Don't expect much star power
Unfortunately, Woods has rarely played in this event and won’t be here this time either. Adding to this lack of star power is the fact that three-time champion Phil Mickelson, a Scottsdale regular throughout his career who graduated from nearby Arizona State University, opted to play in Saudi Arabia instead. This was Mickelson’s last chance as a 40-something to play here. He turns 50 in June so one must wonder how many more appearances he’ll make at Scottsdale.

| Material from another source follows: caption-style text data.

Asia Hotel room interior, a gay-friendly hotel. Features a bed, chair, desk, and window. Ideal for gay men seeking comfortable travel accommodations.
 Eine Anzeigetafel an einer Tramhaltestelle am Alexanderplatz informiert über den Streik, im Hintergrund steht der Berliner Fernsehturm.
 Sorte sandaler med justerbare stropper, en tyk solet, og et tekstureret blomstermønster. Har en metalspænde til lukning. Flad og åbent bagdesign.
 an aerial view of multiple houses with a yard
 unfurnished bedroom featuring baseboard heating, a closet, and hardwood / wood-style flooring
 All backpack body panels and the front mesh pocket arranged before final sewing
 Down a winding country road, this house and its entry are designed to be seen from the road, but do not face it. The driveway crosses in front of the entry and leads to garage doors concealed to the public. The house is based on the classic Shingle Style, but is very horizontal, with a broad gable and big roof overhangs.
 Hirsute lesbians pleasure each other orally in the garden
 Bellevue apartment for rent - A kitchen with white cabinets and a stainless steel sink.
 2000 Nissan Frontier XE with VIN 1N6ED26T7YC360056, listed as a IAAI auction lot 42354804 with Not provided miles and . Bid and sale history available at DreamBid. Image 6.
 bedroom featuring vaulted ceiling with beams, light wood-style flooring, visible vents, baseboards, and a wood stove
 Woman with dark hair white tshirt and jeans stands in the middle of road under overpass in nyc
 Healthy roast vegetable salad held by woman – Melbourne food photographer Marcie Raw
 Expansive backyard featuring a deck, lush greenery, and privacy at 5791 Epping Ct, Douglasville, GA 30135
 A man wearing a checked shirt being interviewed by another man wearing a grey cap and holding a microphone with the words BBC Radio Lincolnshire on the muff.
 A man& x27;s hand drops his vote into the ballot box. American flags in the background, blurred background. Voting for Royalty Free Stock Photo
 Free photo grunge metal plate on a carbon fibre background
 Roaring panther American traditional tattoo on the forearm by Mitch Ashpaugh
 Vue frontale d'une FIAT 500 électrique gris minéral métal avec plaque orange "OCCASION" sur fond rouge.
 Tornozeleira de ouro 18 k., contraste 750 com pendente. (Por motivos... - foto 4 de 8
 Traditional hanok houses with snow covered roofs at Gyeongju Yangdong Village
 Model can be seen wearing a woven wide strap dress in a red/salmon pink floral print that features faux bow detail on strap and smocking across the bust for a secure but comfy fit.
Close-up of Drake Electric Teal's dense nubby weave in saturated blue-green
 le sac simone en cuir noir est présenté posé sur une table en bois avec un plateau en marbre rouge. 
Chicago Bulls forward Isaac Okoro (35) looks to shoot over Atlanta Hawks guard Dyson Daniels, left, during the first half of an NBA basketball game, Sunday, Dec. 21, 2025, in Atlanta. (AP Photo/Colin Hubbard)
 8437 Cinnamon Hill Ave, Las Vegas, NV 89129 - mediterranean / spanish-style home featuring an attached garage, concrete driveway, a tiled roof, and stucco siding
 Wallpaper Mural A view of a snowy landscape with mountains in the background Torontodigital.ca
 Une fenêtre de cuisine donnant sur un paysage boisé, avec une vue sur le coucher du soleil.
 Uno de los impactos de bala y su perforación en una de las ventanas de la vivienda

TPC Scottsdale is home to one of golf's best short holes
TPC Scottsdale, designed by Tom Weiskopf and the late Jay Morrish, is a par 71 and listed at 7,261 yards. Aside from the aforementioned 16th, the drivable, 336-yard 17th provides a bunch of drama in its own right and is one of golf’s best short holes. It has a long and narrow green, with a bailout area to the right and water to the left. Any score from eagle to double bogey is routinely in the cards, and back in 2001, Andrew Magee happened to ace it in what is still the only hole in one on a par 4 in PGA Tour history.
Then comes the 18th, which is a modest 442 yards. However, a few years ago church pew bunkers like the ones you see at Oakmont Country Club is famous for were placed at the end of the lake, thereby creating a difficult carry. While not as exciting as the two prior holes, the 18th does get players to think about the risk.
Keep an eye on Matt Kuchar
Obviously, the Waste Management field is wide open, and one I could see making some noise at +2500 is veteran Matt Kuchar. Now 41 years of age, the 1997 U.S. Amateur winner possesses three consecutive top 10 finishes in Scottsdale, so the track record here has improved after a spotty record earlier in his career. Kuchar won’t overwhelm people with his power, but there isn’t anything in this game he does poorly. He won in Singapore just two weeks ago, albeit against a weaker field, but also won twice last season and earned eight top 10 finishes. Kuchar would warrant a look for all props, and a win is inconceivable.